Dalton remembered for dedication to countyPublished 10:23am Friday, November 1, 2013
The man who left his mark on Lawrence County through his work as an architect and a community activist has died.
Architect Robert Dalton, 73, died on Wednesday following a long illness.
“I will miss him,” Ralph Kline of the Ironton-Lawrence County Community Action Organization, said. “People probably don’t realize how much of importance he was in the community from his work with the Chamber of Commerce. He was the one who took the lead in the Chesapeake Bypass. I worked with him all along, ever since we tried to lobby for it in the 1980s. Nobody worked harder on that. He has his thumbprint on a lot of Lawrence County.”
Dalton, who was a graduate of the University of Cincinnati School of Architecture, had his architectural firm, Robert L. Dalton, in Chesapeake. He designed the Lawrence County Courthouse annex, the Lawrence County Municipal Courthouse in Chesapeake and the Sybene Senior Center, among other structures in Ohio and West Virginia.
From 1987 to 1989, he was president of the Greater Lawrence County Chamber of Commerce.
“It seems I have known Bob all my life,” said Dr. Bill Dingus, executive director of the Lawrence Economic Development Corporation and the chamber of commerce. “There was no finer person that we have worked with. Honest. Honorable. Loved this community. Gave his time day and night freely, never asking anything in return. These are sad days when you lose a person like Bob.”
Also working with Dalton was Dan Mooney, LEDC board member.
“Bob certainly was a great guy,” Mooney said. “For many years Bob chaired the transportation committee of the chamber and was very instrumental working with the Ohio Department of Transportation. Bob worked tirelessly on getting the Chesapeake Bypass underway and helped bring it as far along as it has so far. He was a great architect and great community leader. His leadership will be missed.”
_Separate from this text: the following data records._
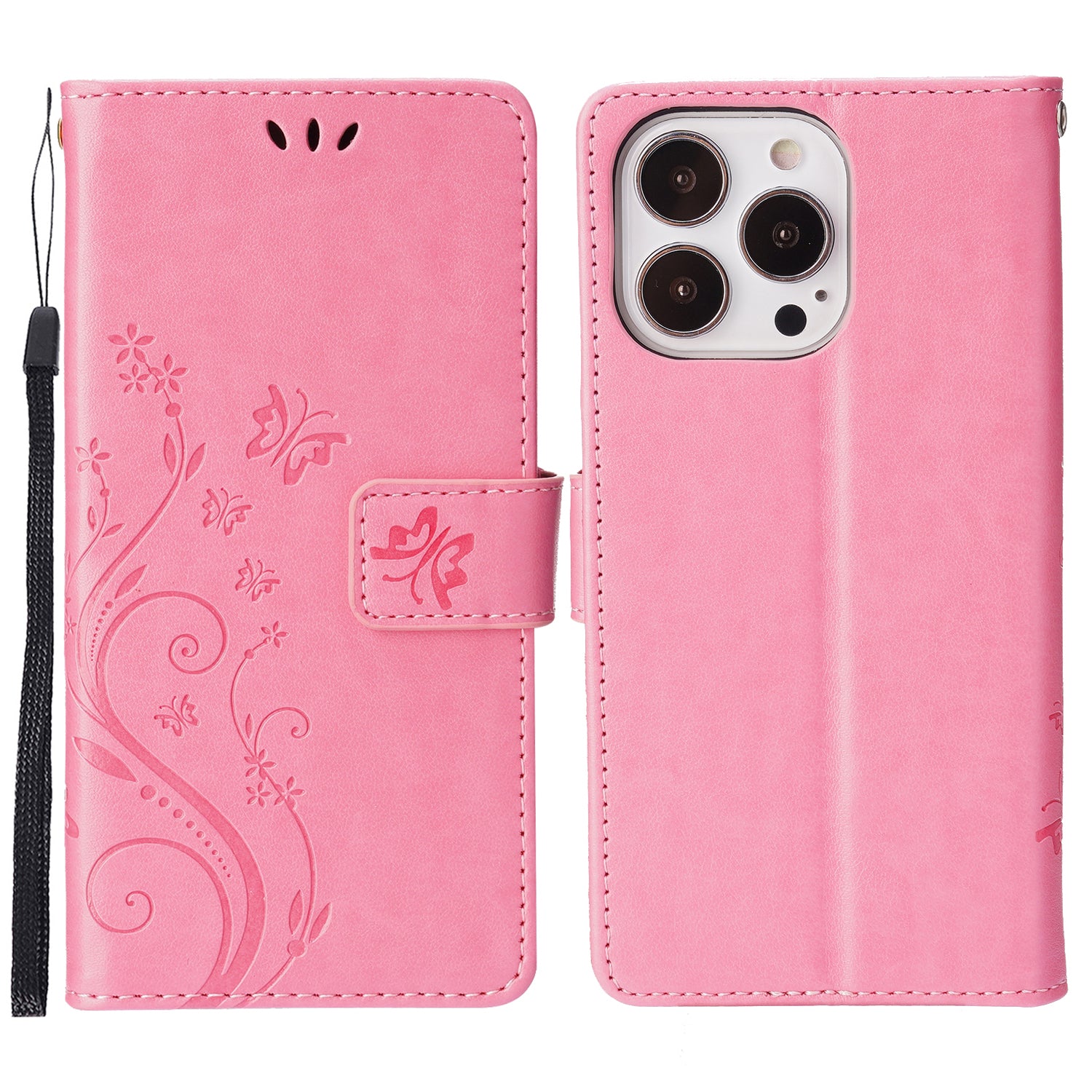 Well-protected PU Leather Butterflies Pattern Imprint Wallet Card Slots Phone Stand Case for iPhone 13 Pro 6.1 inch
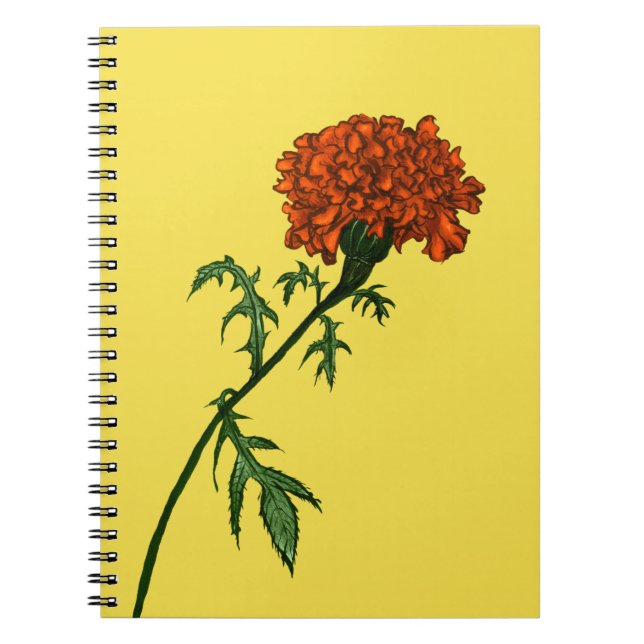 French Marigold Flower Ink Drawing Notebook (Front)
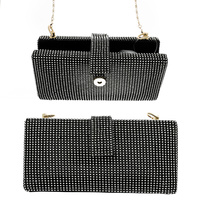 RECTANGULAR CRYSTAL RHINESTONE EVENING BAG WITH DETACHABLE CHAIN STRAP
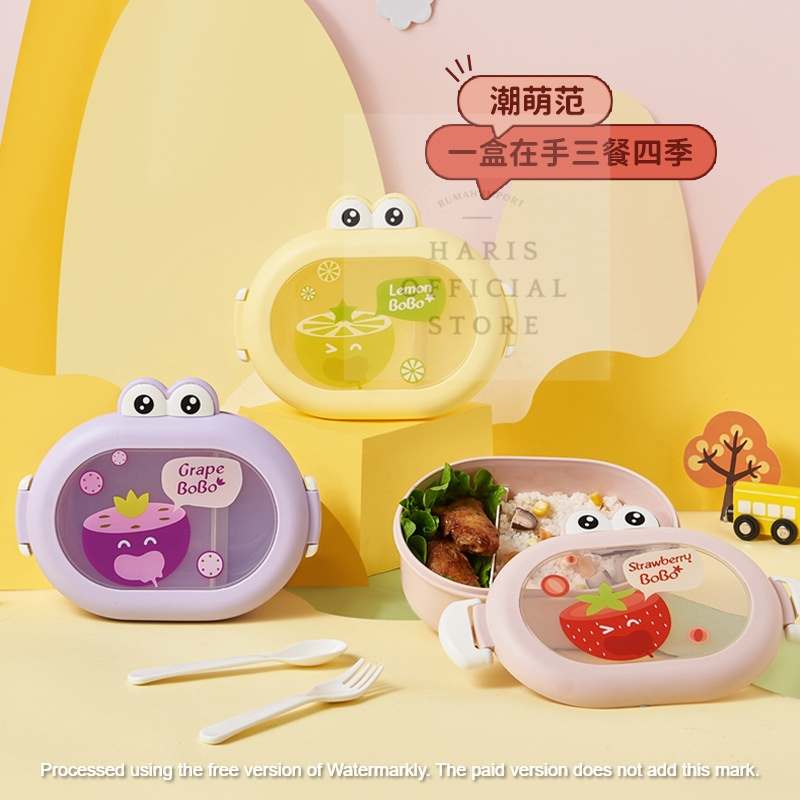 Lunch Box Kotak Makan Anak Kotak Bekal Sendok Garpu dan Sumpit 1000mili 6387 frogMENT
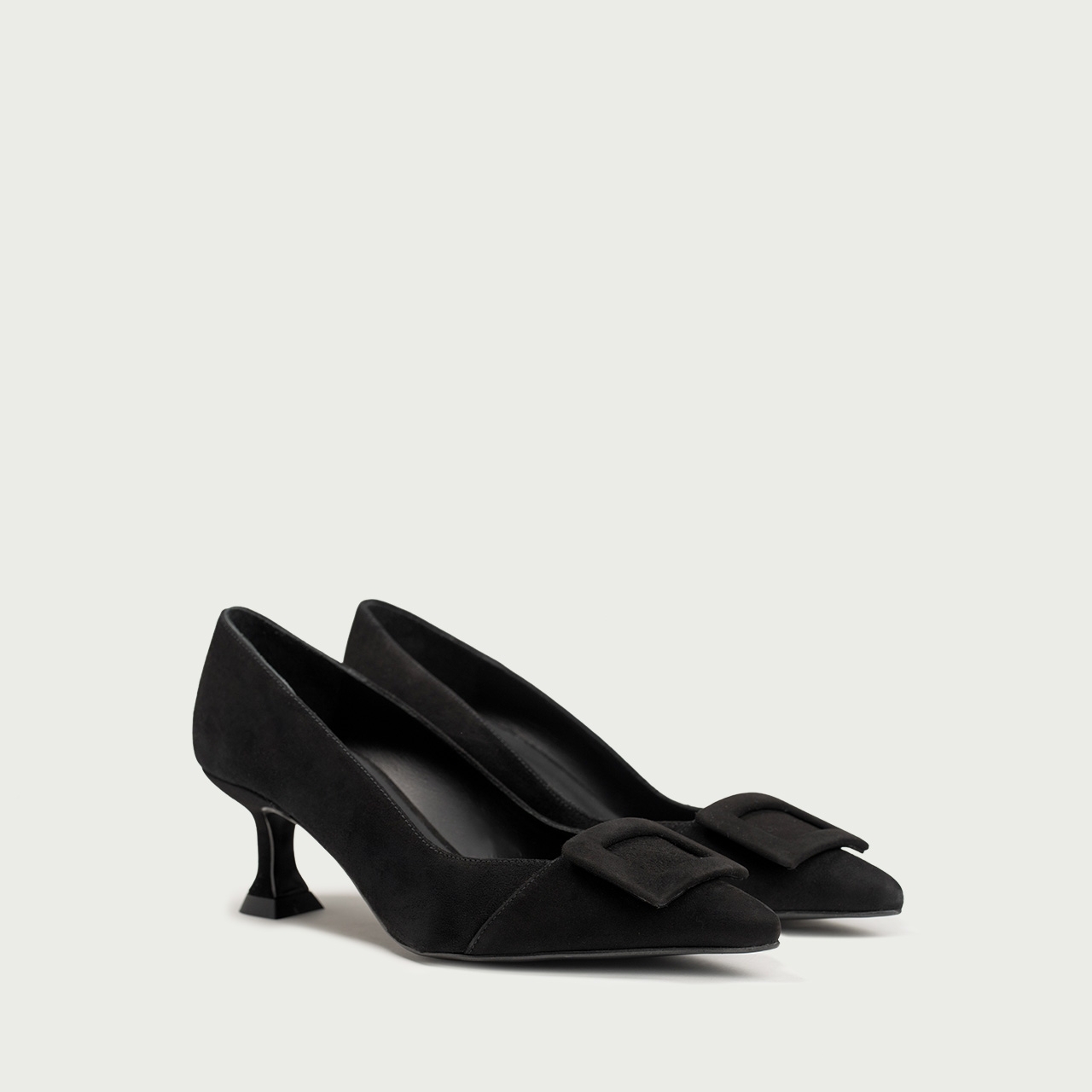 Pantofi stiletto negri cu accesoriu geometric Alana din piele întoarsă naturală - Img 2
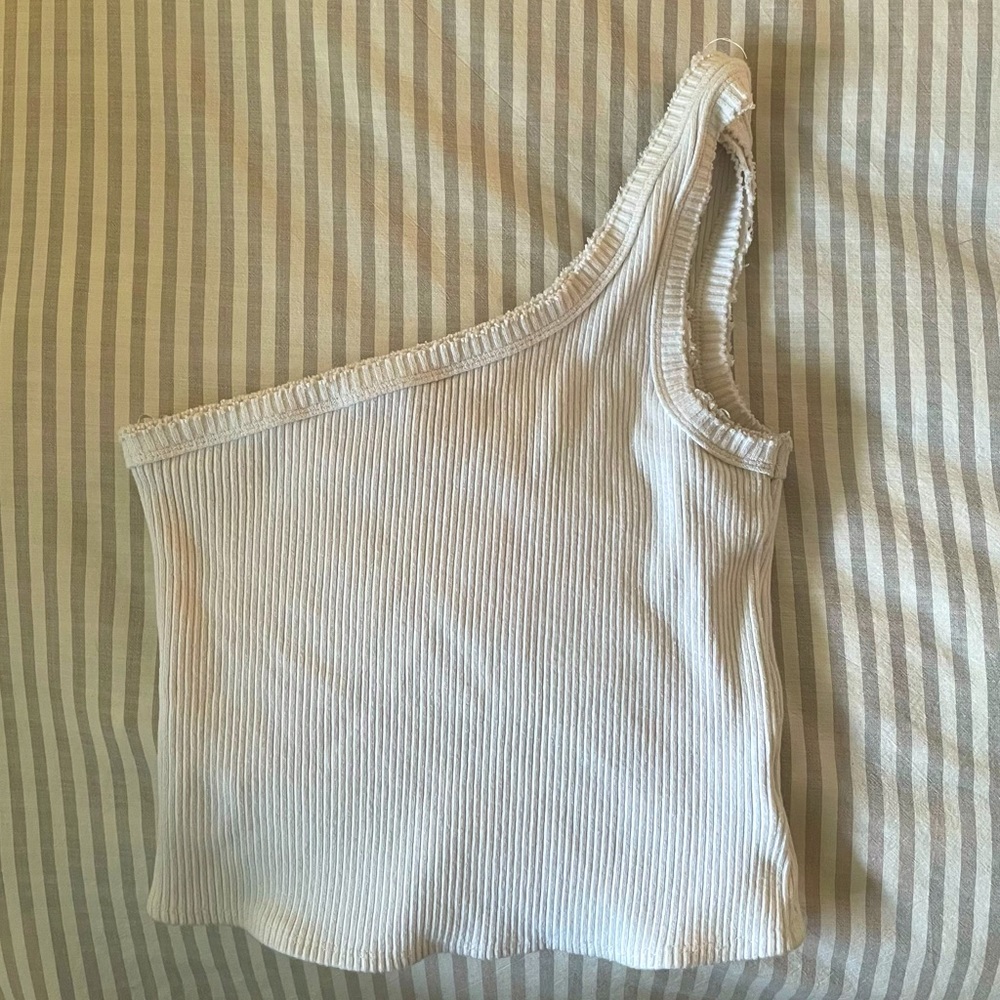 Urban outfitters one shoulder white ribbed crop top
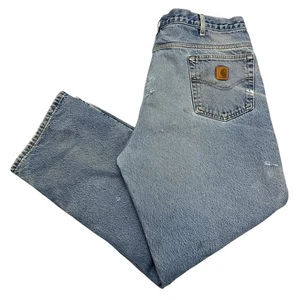 Carhartt Jeans B172 Flanell gefüttert blau Herren 40W 32L Straight Fit 100% Denim - Bild 1 von 19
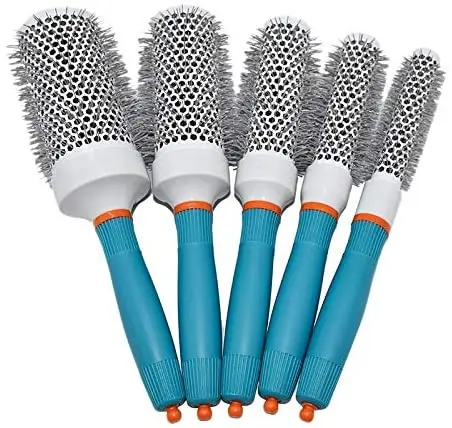 Barber shop Styling Round Brush aluminum nylon bristle salon ceramic ionic hair roller brush
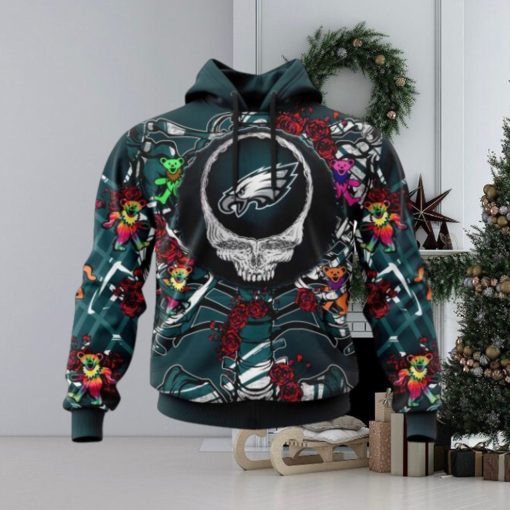 NFL Philadelphia Eagles Mix Grateful Dead, Personalized Name & Number Specialized Concepts Kits 3D Hoodie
In 2011 the Lawrence County Commission named a bridge on part of the Proctorville Bypass for Dalton. Commission president at that time was County Auditor Jason Stephens, who was also a member with Dalton of the Rome Church of Christ.
“He was a man of God who cared about his family, church and community greatly,” Stephens said. “We will miss him. He certainly left a legacy in Lawrence County that will carry on for years.”
A memorial service will be conducted at 11 a.m. on Saturday at the Rome Church of Christ in Proctorville.